Scenario 2: External dependent source-only modules

In this scenario, a build system is tasked with translating a collection of source files, some of which import a module M that is not defined by a module interface unit source file that is known to the build system. In this case, the build system must follow a protocol that facilitates discovery of such source files and requirements for building a BMI.

Problems

  1. The build system lacks a mechanism to:
    1. Discover the external source file(s) that define module M.
    2. Discover the requirements for building a BMI for module M (language dialect, include paths, macros, etc…)

Solution

  1. Allow for a sequence of library identifiers to be provided to the build system such that each library identifier has an associated path (either well-known to the build system or user-provided) where the source files and other artifacts of the library are located.
  2. Specify a name and format for a library description file to be provided by cooperating libraries that provides the following (note that these configurations may need to vary by the consuming tool chain, target, or build configuration):
    1. Paths relative to the library description file that contain public header files.
    2. Paths relative to the library description file that contain private header files (to be used when building module interface units).
    3. Paths relative to the library description file that contain module interface unit source files (to be used when searching for source files that define modules).
    4. Language dialect requirements for building module interface units.
    5. Macro requirements for building module interface units.
    6. Libraries directly required by the library.
  3. Search for library description files in each of the library search paths. For each library description file found, scan all source files within the relative module interface unit source path(s) as is done in scenario 1.
  4. Once scanning is complete, if any imported modules remain unresolved, issue an error.

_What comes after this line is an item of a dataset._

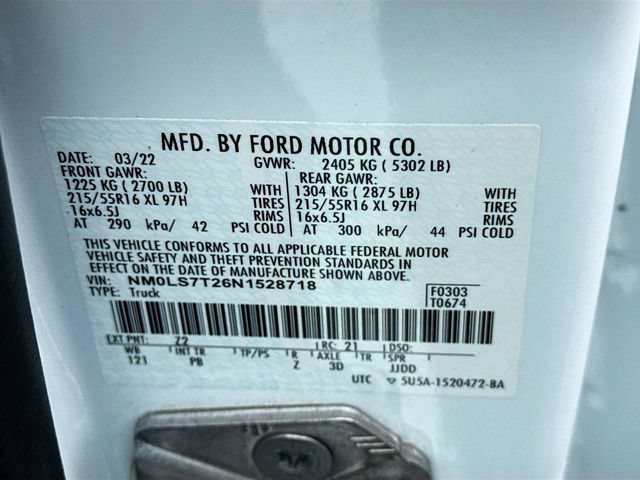 Certified 2022 Ford Transit Connect XLT FWD image 39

Scenario 3: External dependent packaged modules

This scenario is similar to scenario 2, but differs in that the external package might include compatible pre-built BMIs that can be used to 1) obviate the need to build BMIs for module interface unit source files included in the package, and 2) ensure that BMIs are used that are compatible with any object files or static/dynamic libraries linked from the package.

Problems

  1. The package might provide BMIs for numerous tool chains, targets, and build configurations and the build system will have to select the right one.
  2. The package might not provide BMIs that are compatible with the consuming tool chain, target, or build configuration.
  3. The build system and tool chain must collaborate to select BMIs that are compatible with both the tool chain and build configuration (e.g., any object files or static/dynamic libraries to be linked in).
  4. There is no obvious best solution to determine if a BMI is compatible at a build configuration level. Two BMIs that reflect minor declaration differences indicate the presence of ODR differences, but do not necessarily indicate an ABI difference that would be problematic in practice. There is a practical benefit to not being overly strict.

Solution

  1. Extend the library description file from scenario 2 to include additional tool chain, target, and build configuration dependent information including:
    1. Paths relative to the library description file that contain BMIs, object files and static/dynamic libraries.
    2. Maps from module name to the name of a BMI.
    3. Linker options.
  2. Issue warnings/errors if multiple maps are found for the same module name to distinct BMIs (e.g., to ones that do not reflect a consistent interface).
  3. Embed either a BMI or BMI signature for each imported module M when building an object file. At link time, compare BMIs or BMI signatures across link units. Issue warnings/errors if mismatches are found among BMIs that are compatible with the tool chain (ignore those that are not).